Re: The semantics of the disambiguation constructs from Bethan Tovey-Walsh on 2026-03-02 (public-ixml@w3.org from March 2026)

From: Bethan Tovey-Walsh <bytheway@linguacelta.com>
Date: Mon, 2 Mar 2026 17:11:36 +0000
To: John Lumley <john@saxonica.com>
Cc: ixml <public-ixml@w3.org>
Message-Id: <125D09E9-109B-4F89-9AF7-242727B0B979@linguacelta.com>

In that case, I think you can also use your ¬ for lookahead.

Example:

I have a long string made up of the characters a-z, and I want to parse out the names of plants or animals that start with "cat", including "cat" itself.

However, that means that I need to match "cat" if and only if it isn't part of one of the longer plant/animal names.
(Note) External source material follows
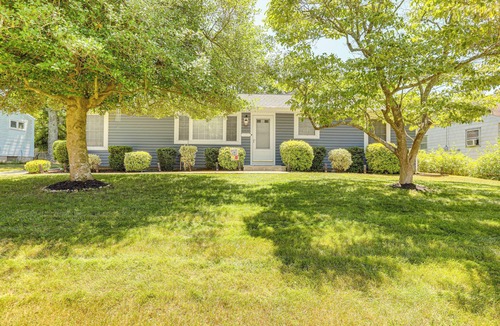 Bayville House | Bayville Getaway w/Fire Pit - 2 Mi to Beach!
Using a negative lookahead, which I'll notate with ! for now, we could do this:

 things: (animal ; plant ; char)+.
 animal: "cat"!lookahead ; catanimal.
 plant: "catnip" ; "cattails" ; "catmint".
 -lookahead: "nip" ; "tails" ; "mint" ; "fish" ; "erpillar".
 -catanimal: "caterpillar" ; "catfish".
 -char: -["ab"; "d"-"z"] ; "c"!catstring.
 -catstring: "at" , lookahead?.

The string "cat" is only tagged as an animal if it is not followed by a string that would complete one of the longer animal or plant names. A "c" is only a char if it doesn't also begin any of the animal or plant names.
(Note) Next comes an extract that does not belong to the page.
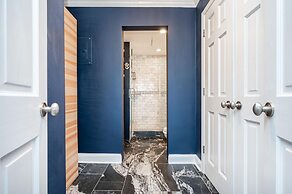 ATL Downtown Condo with Free Parking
With your syntax, it seems to me that I could get the same result by doing this:

 things: (animal ; plant ; chars)+.
 animal: cat ¬ catname ; catanimal.
 plant: catplant.
 -cat: "cat", char_plus.
 -catname: catplant ; catanimal.
 -catplant: "catnip" ; "cattails" ; "catmint".
 -catanimal: "catfish" ; "caterpillar".
 -catstring: animal ; plant.
 -chars: char_plus ¬ catstring.
 -char_plus: -["a"-"z"]+.

Either way, parsing this input string:

diadshupcatasbiupfdacattailsasdhuopcatfishasdbhi

should give me:

 <things>
  <animal>cat</animal>
  <plant>cattails</plant>
  <animal>catfish</animal>
 </things>

I suspect there are some types of lookahead that would be harder (or impossible) to do this way, because of the constraint that, in 

 C: A ¬ B 

, C must be able to match the same span as B. That meant that I couldn't define the char nonterminal as a single character, as I did in the lookahead example.

BTW

___________________________________________________ 
Dr. Bethan Tovey-Walsh 

linguacelta.com

Golygydd | Editor geirfan.cymru

Croeso i chi ysgrifennu ataf yn y Gymraeg.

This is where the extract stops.